A hackathon held March 17 brought together 30 students, designers, programmers, and outreach officers from UC Berkeley and the UC Office of the President. The goal was to design apps that facilitate the process of preparing for and applying to college. The event was held in conjunction with Learning Mode, a conference on online education produced by the Berkeley Center for New Media (BCNM) and the CITRIS Data and Democracy Initiative and supported by the UC Office of the President–Departments of Education Partnerships and Student Affairs. Three teams won $500 each for their apps:  Picture Yourself, UConnect, and U-brella. Descriptions of the projects are below.
The Education Partnerships office at UCOP continues its investment in expanding and diversifying the pool of college applicants by funding a grant of $31,000 for the development and implementation of Picture Yourself. “We are pleased to support these creative efforts to engage the next generation of college students,” says Assistant Vice Provost and Executive Director Yvette Gullatt. BCNM and the Social Apps Lab at CITRIS will assist developers Ted Curran and John Scott to build, test, and launch the app this fall. Professor Greg Niemeyer led the Learning Mode conference and hackathon and serves as director of BCNM and co-founder of the Social Apps Lab.
Picture Yourself helps high school students stay engaged on the path to college by literally and figuratively “picturing” themselves in college. They can take photos of themselves and superimpose their image against different college campuses, then share the photos with friends. Incorporating game elements, the app requires users to complete various “missions” and milestones related to college preparation, such as visiting with a guidance counselor, completing volunteer service or exploring financial aid opportunities. These milestones break the daunting task of applying to college into manageable interactions so students can start to picture themselves as “college-ready.”
The other two winning apps create technology solutions to facilitate peer mentorship and connections for high school students preparing to apply to college. UConnect helps students connect with college mentors based on their interest and backgrounds. The app lets students send questions about college and the application process, and encourages mentors to direct high school students to UC and other college resources.

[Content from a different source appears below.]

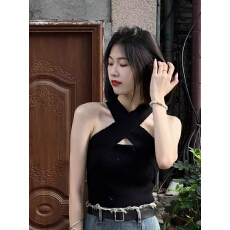 批发法式内搭短款交叉挂脖针织小<b class='q'>吊带</b>背心女夏季性感抹胸<b class='q'>打底</b>无袖上衣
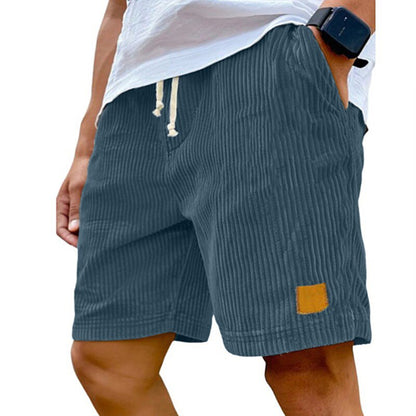 Men's Comfort Corduroy Shorts-Casual Plain Knee Length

U-Brella offers a personality and personal information quiz to middle- and high school students. This information creates a profile for the student, and they are notified of scholarships or nearby academic/extracurricular programs that will help prepare or interest them in college. The student can also choose to have an alumnus mentor them through the process of college admission, nudging them along and sharing what their experience was like at college.